[Source data]
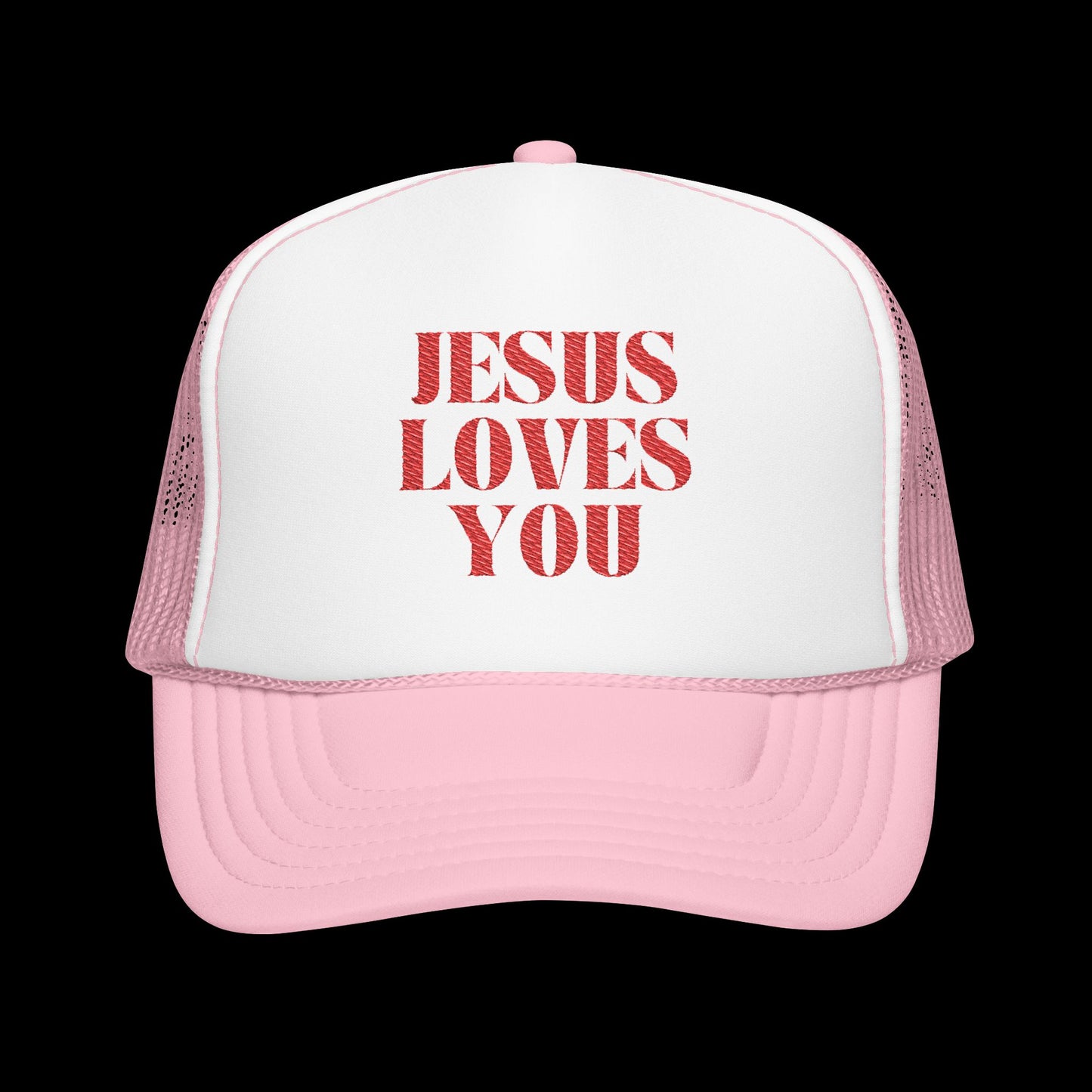 Jesus Loves You - 5 Panel Embroidered Faith Trucker Hat - Christian Cap, Outdoor Hat, Gift for Believers, Casual Wear, Message Hat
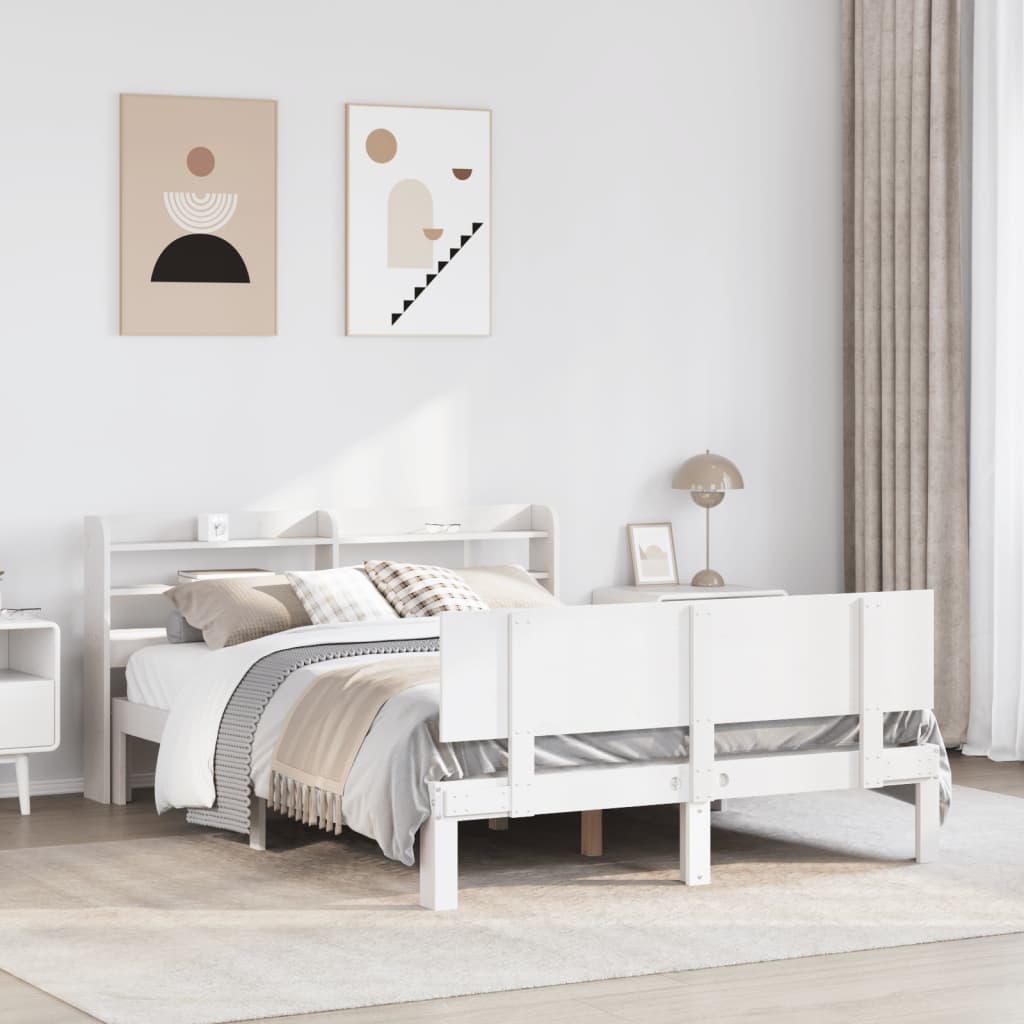 Cadre de lit avec tête de lit sans matelas blanc 140x200 cm - XIOS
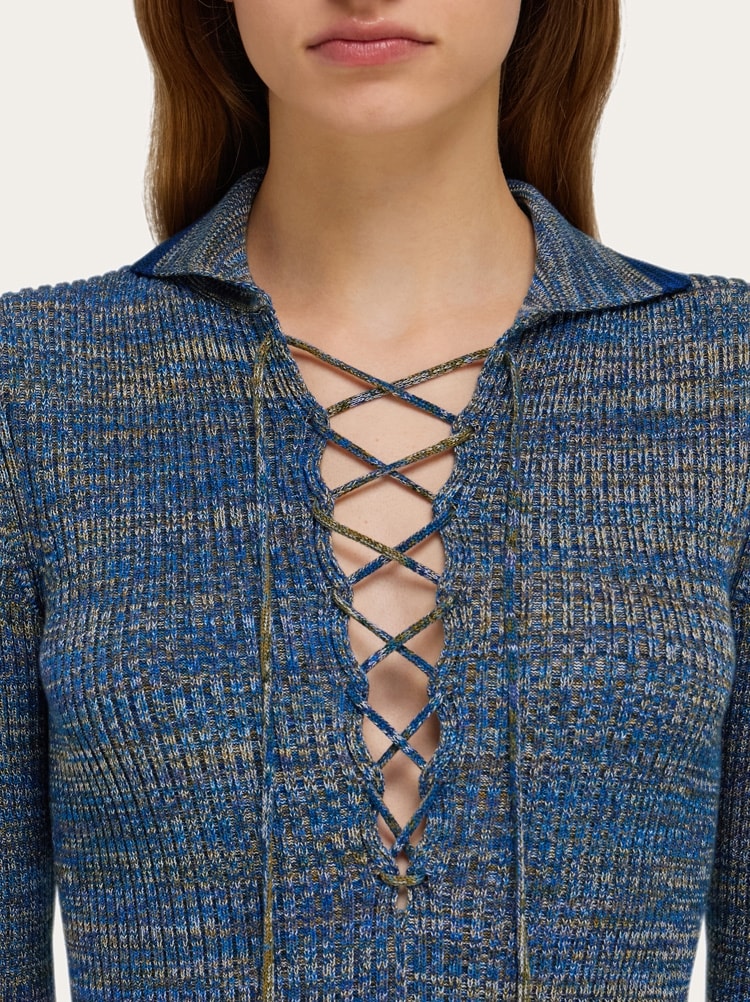 Knitted top with lace detail Gallery image 4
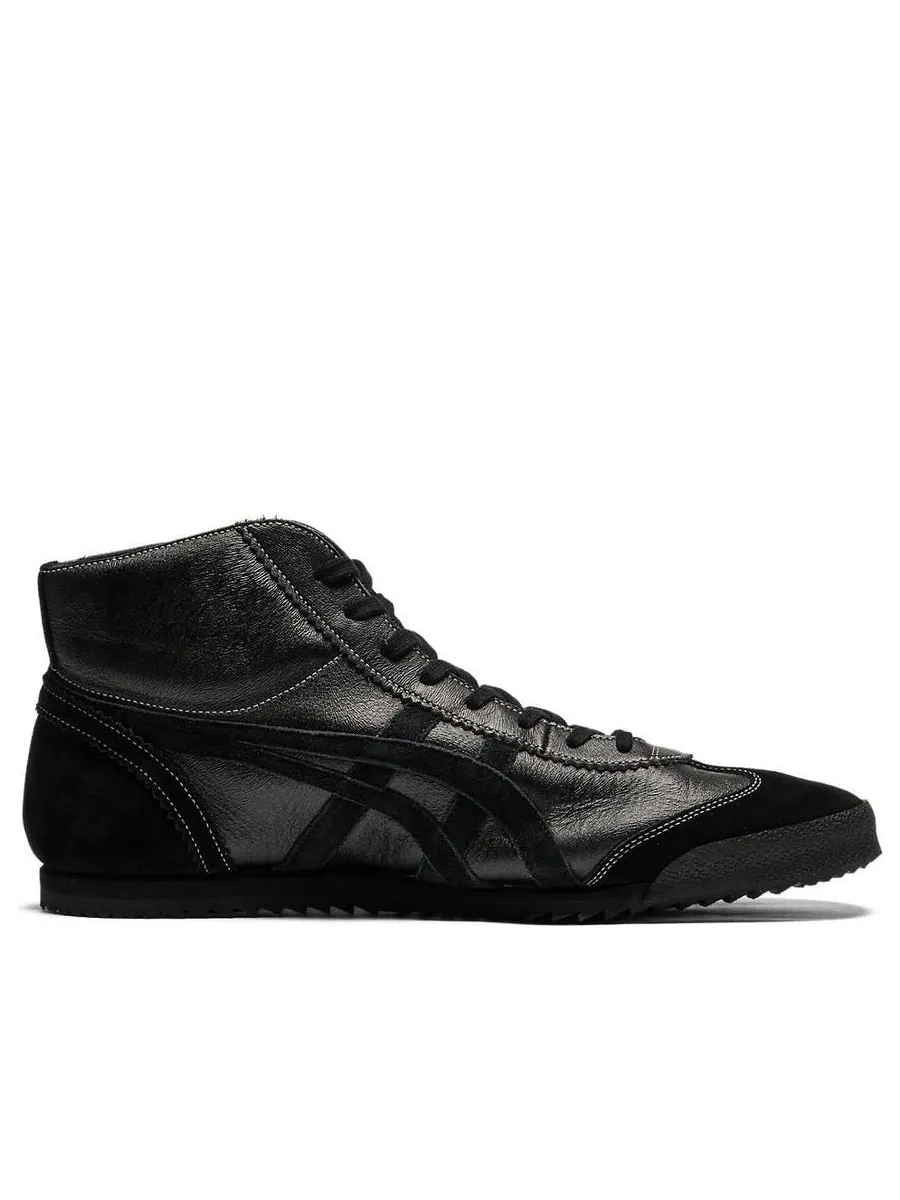 Кроссовки Onitsuka Tiger Nippon Made Mexico Mid Runner Deluxe 'Black' — изображение 2 из 6, черный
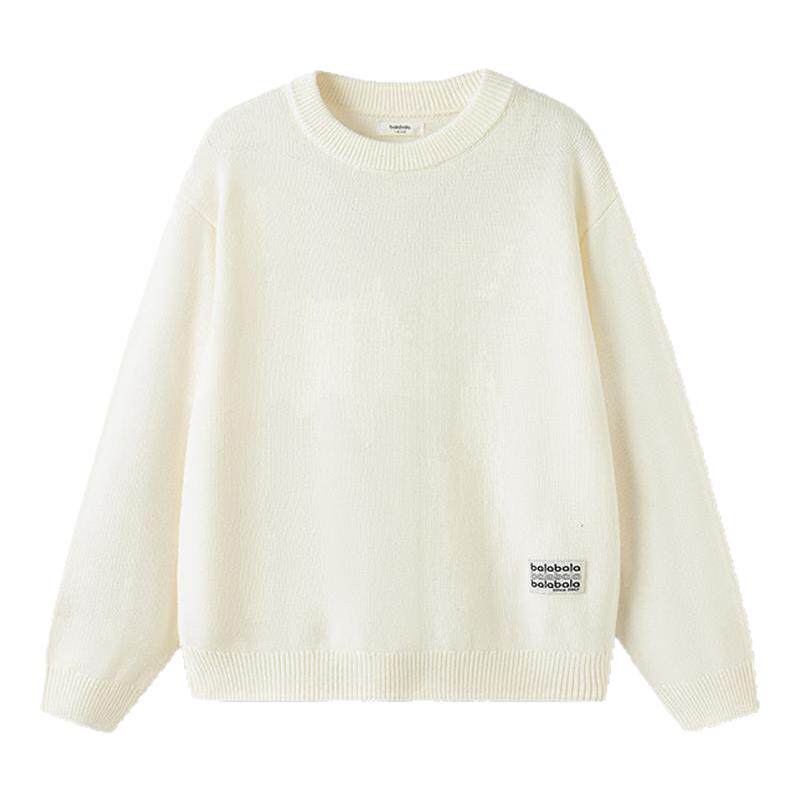 巴拉巴拉女童毛衫中大童圆领毛衣儿童白色针织衫秋冬款童装打底衫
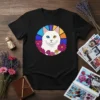 White Cat Flower Circle bold graphic design printed on comfortable cotton t-shirt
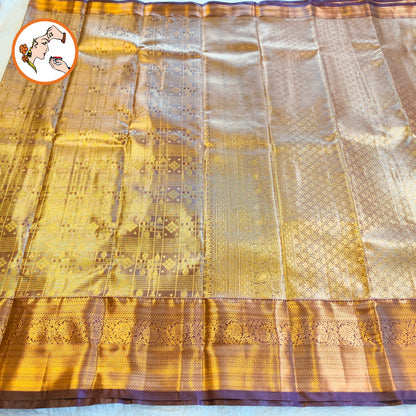 Coffee Brown (Arakku) colour Gold zari Kanchipuram High Tissue Bridal Silk Saree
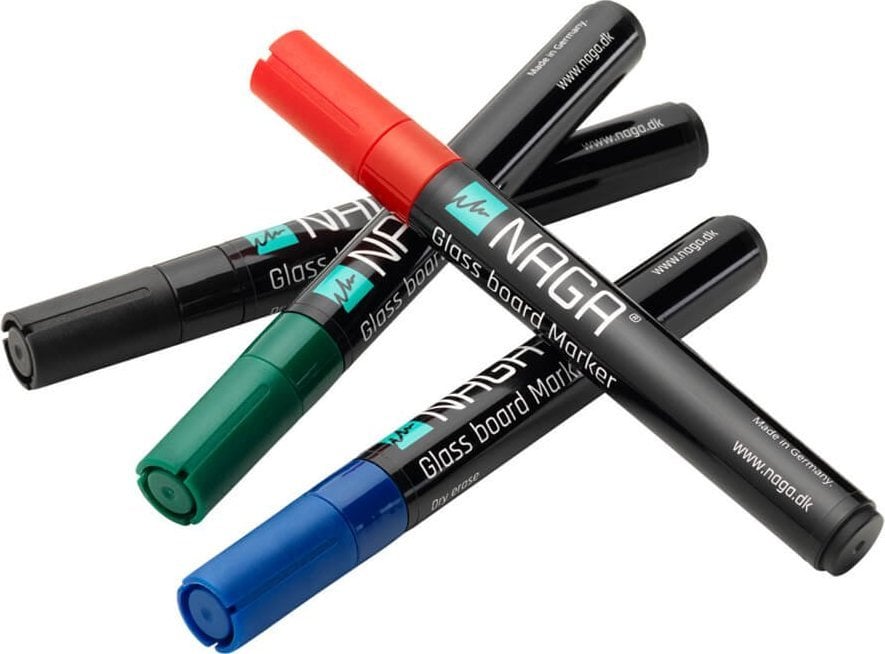 NAGA Glastavle marker mix 4,5 mm. 4 stk. Sort/Rød/Grøn/Blå Mix 14,5x1,5x4mm (1stk)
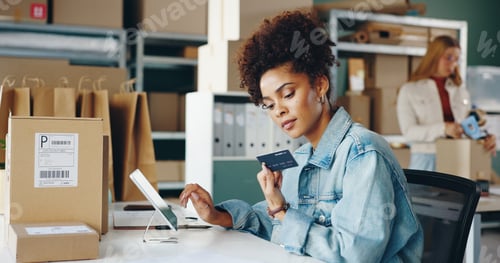 Preview: Boxes, tablet and woman with credit card, startup and ecommerce with payment, online order and bank
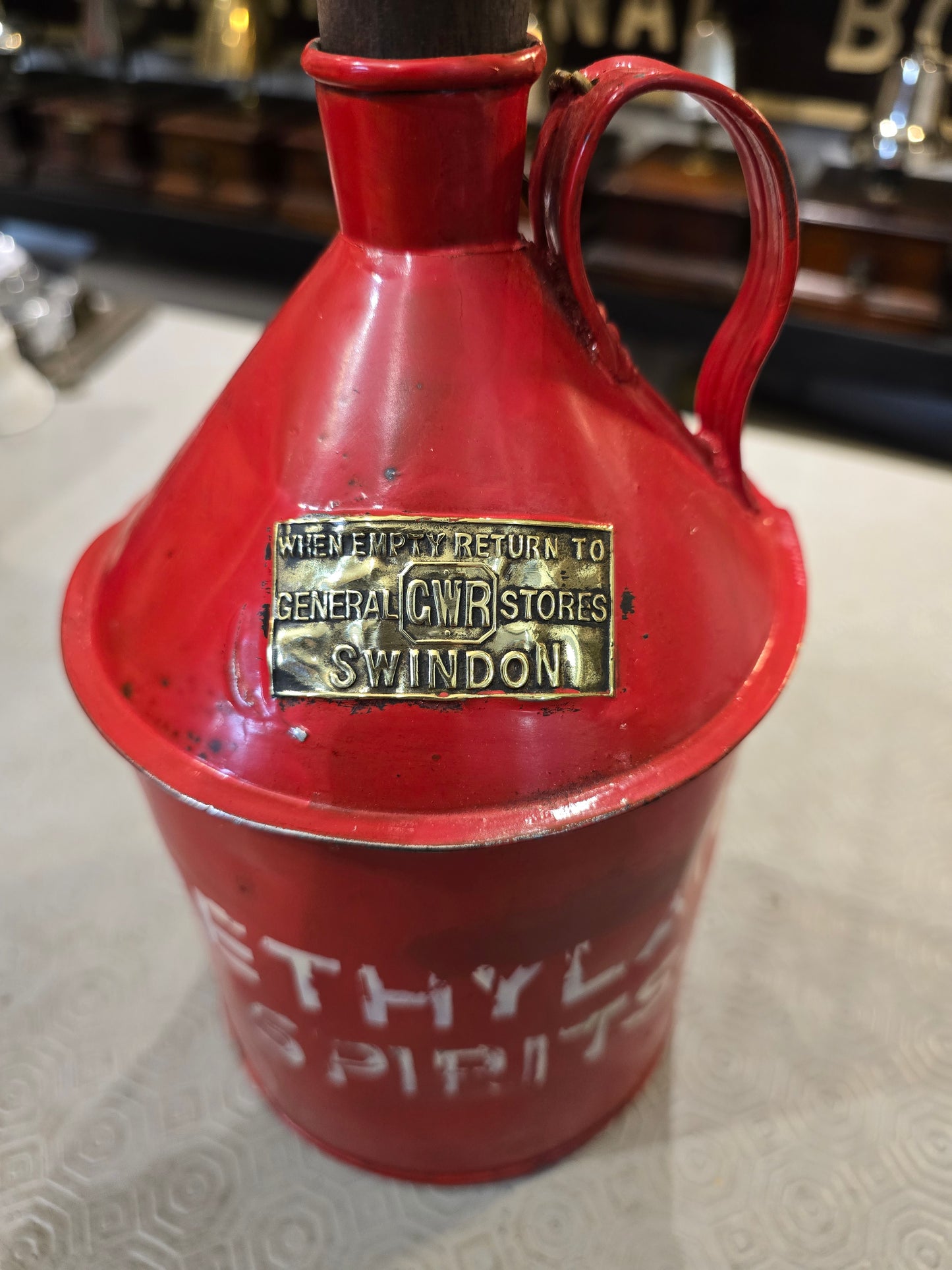 RA 7989 GREAT WESTERN RAILWAY , SWINDON 1/2 GALLON "METHYLATED SPIRITS" CONTAINER.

**Aim of the task**
The answer must consist solely of the lines from the one with "Knitted top with lace detail Gallery image 4" through the final line of the data, each reproduced exactly and with pictures omitted.

**Task answer**
 Knitted top with lace detail Gallery image 4
 Кроссовки Onitsuka Tiger Nippon Made Mexico Mid Runner Deluxe 'Black' — изображение 2 из 6, черный
 巴拉巴拉女童毛衫中大童圆领毛衣儿童白色针织衫秋冬款童装打底衫
 White Cat Flower Circle bold graphic design printed on comfortable cotton t-shirt
 Coffee Brown (Arakku) colour Gold zari Kanchipuram High Tissue Bridal Silk Saree
 NAGA Glastavle marker mix 4,5 mm. 4 stk. Sort/Rød/Grøn/Blå Mix 14,5x1,5x4mm (1stk)
 Preview: Boxes, tablet and woman with credit card, startup and ecommerce with payment, online order and bank
 RA 7989 GREAT WESTERN RAILWAY , SWINDON 1/2 GALLON "METHYLATED SPIRITS" CONTAINER.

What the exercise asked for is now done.